- Task objective
Your answer must repeat all of the entries word for word, without any images.

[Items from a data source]
*** Block opens ***

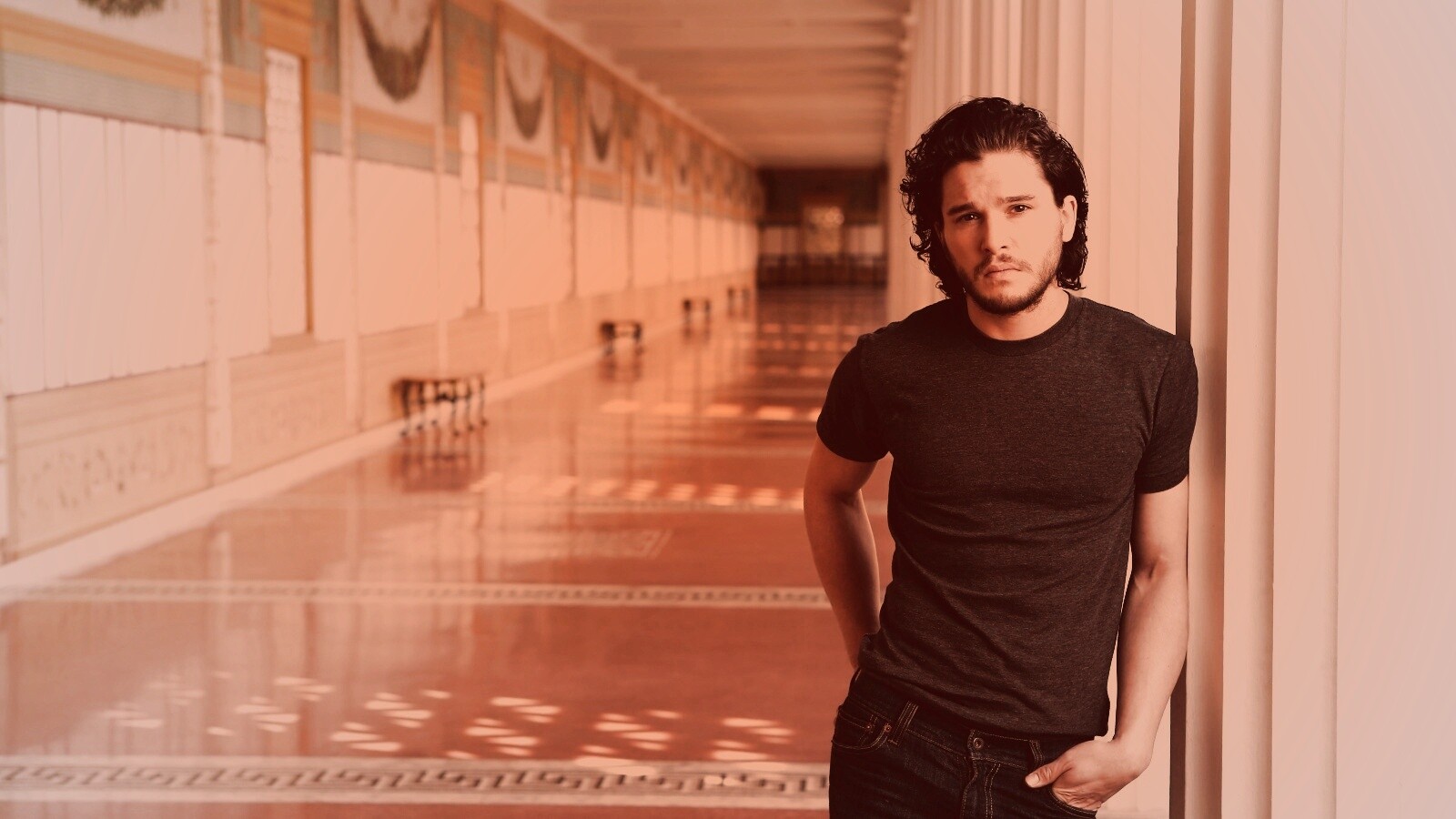 Кит Харингтон у колонны обои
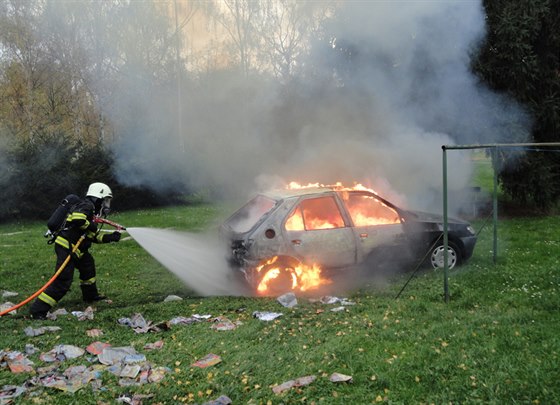 Jedno z hoících aut sjelo samovoln na trávník.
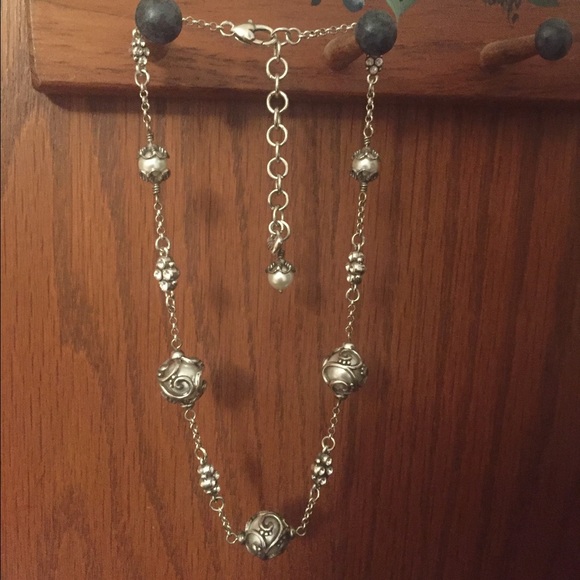BRIGHTON PEARL NECKLACE EUC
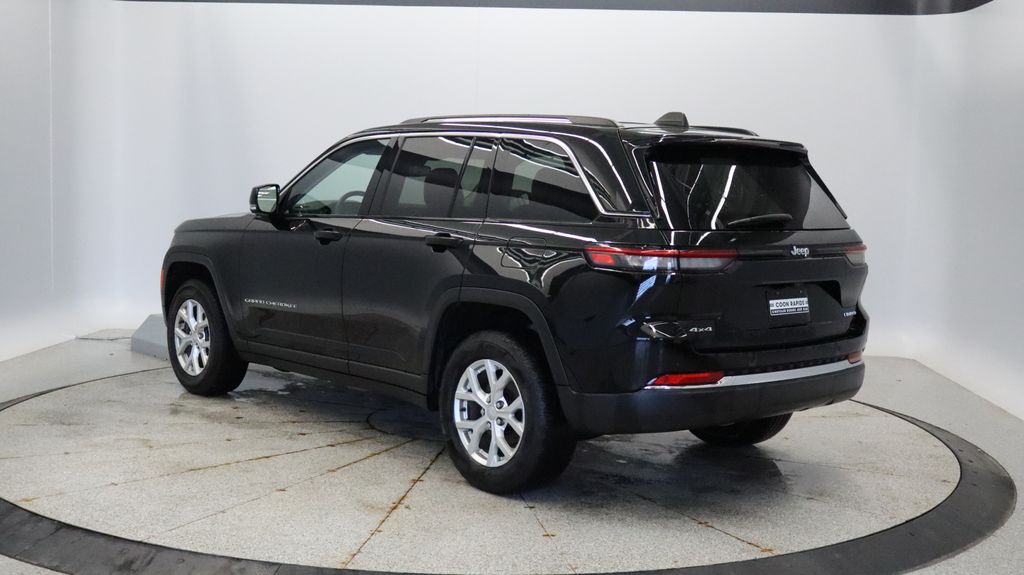 Thumbnail: 2023 Jeep Grand Cherokee - 3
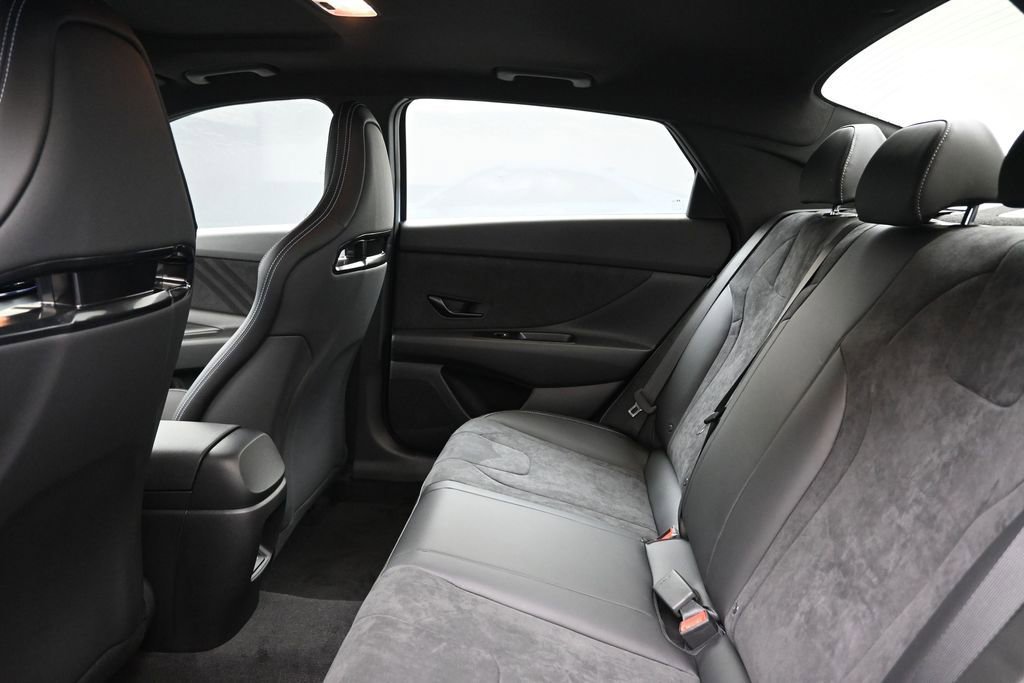 New 2026 Hyundai Elantra N FWD image 18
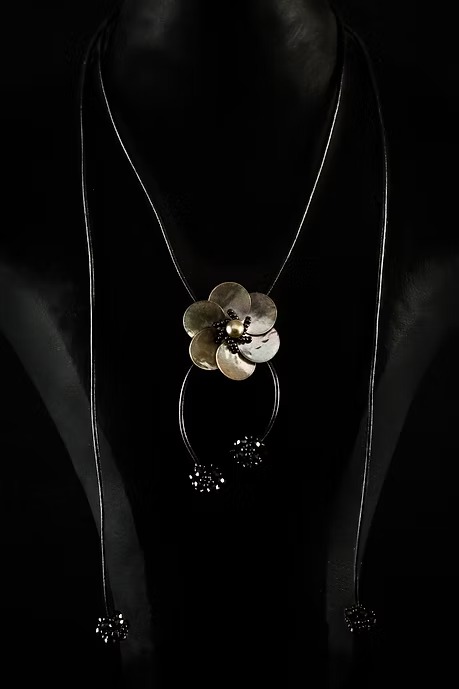 COLLAR FLOR NACAR NEGRO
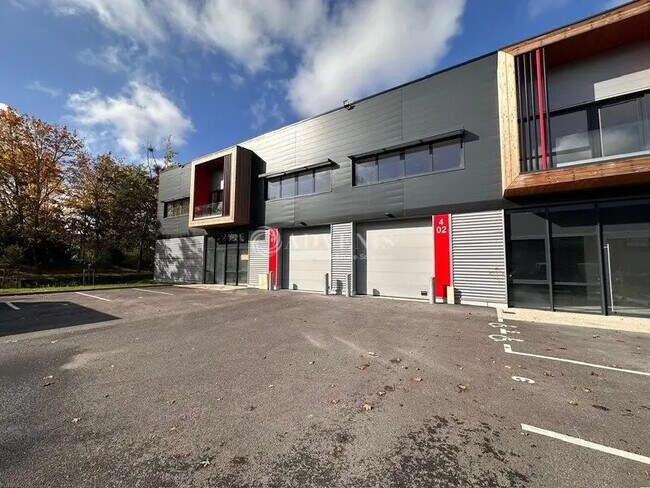 Plus de détails pour Local d'activités à louer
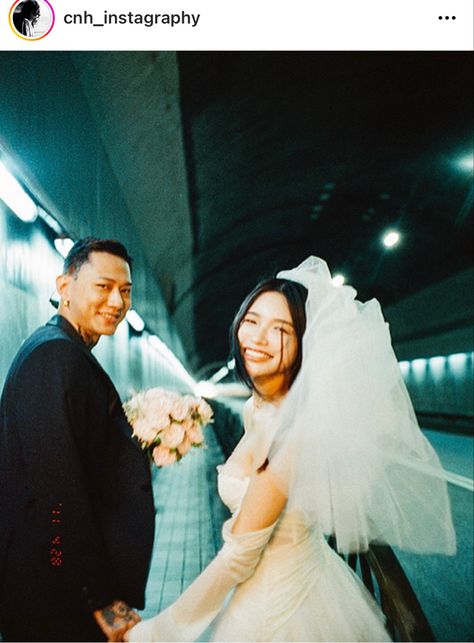 Hong Kong Style Wedding Photo, 90s Wedding Photos, Hong Kong Wedding Photoshoot, Eloping Pictures, 80s Hong Kong Wedding Photography, 1980s Hong Kong Wedding, 80s Hong Kong Pre Wedding, Retro Wedding Photoshoot, 80s Hong Kong Wedding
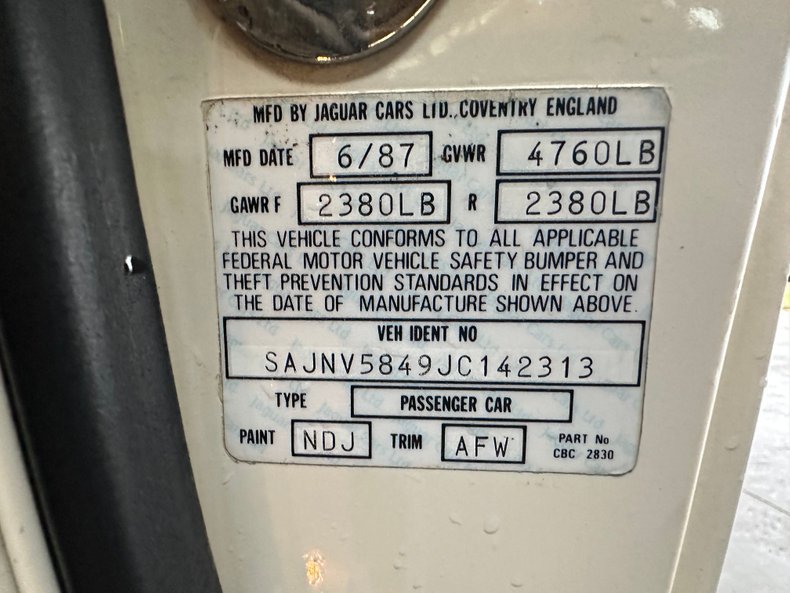 1988 Jaguar XJS 38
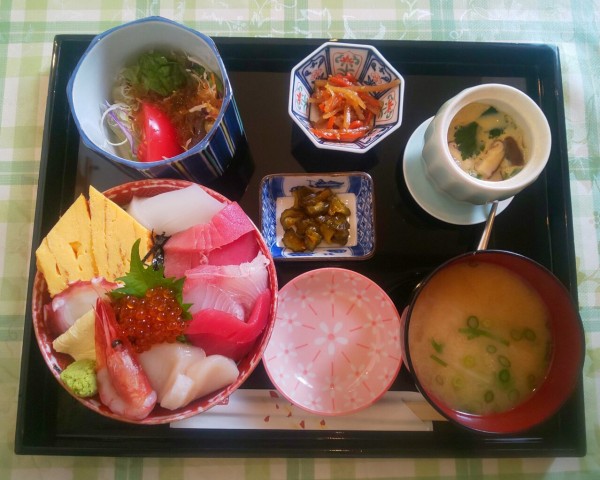 栃木県 宇都宮市 居酒屋 言栄 海鮮丼980円と とんかつ780円というお得なランチ 大食いグルメなランチ 栃木県 宇都宮市 居酒屋 言栄 海鮮丼980円と とんかつ780円というお得なランチ 大食いグルメなランチ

*** Block closes ***

- Task solution
 Кит Харингтон у колонны обои
 Jedno z hoících aut sjelo samovoln na trávník.
BRIGHTON PEARL NECKLACE EUC
 Thumbnail: 2023 Jeep Grand Cherokee - 3
 New 2026 Hyundai Elantra N FWD image 18
 COLLAR FLOR NACAR NEGRO
 Plus de détails pour Local d'activités à louer
 Hong Kong Style Wedding Photo, 90s Wedding Photos, Hong Kong Wedding Photoshoot, Eloping Pictures, 80s Hong Kong Wedding Photography, 1980s Hong Kong Wedding, 80s Hong Kong Pre Wedding, Retro Wedding Photoshoot, 80s Hong Kong Wedding
 1988 Jaguar XJS 38
 栃木県 宇都宮市 居酒屋 言栄 海鮮丼980円と とんかつ780円というお得なランチ 大食いグルメなランチ 栃木県 宇都宮市 居酒屋 言栄 海鮮丼980円と とんかつ780円というお得なランチ 大食いグルメなランチ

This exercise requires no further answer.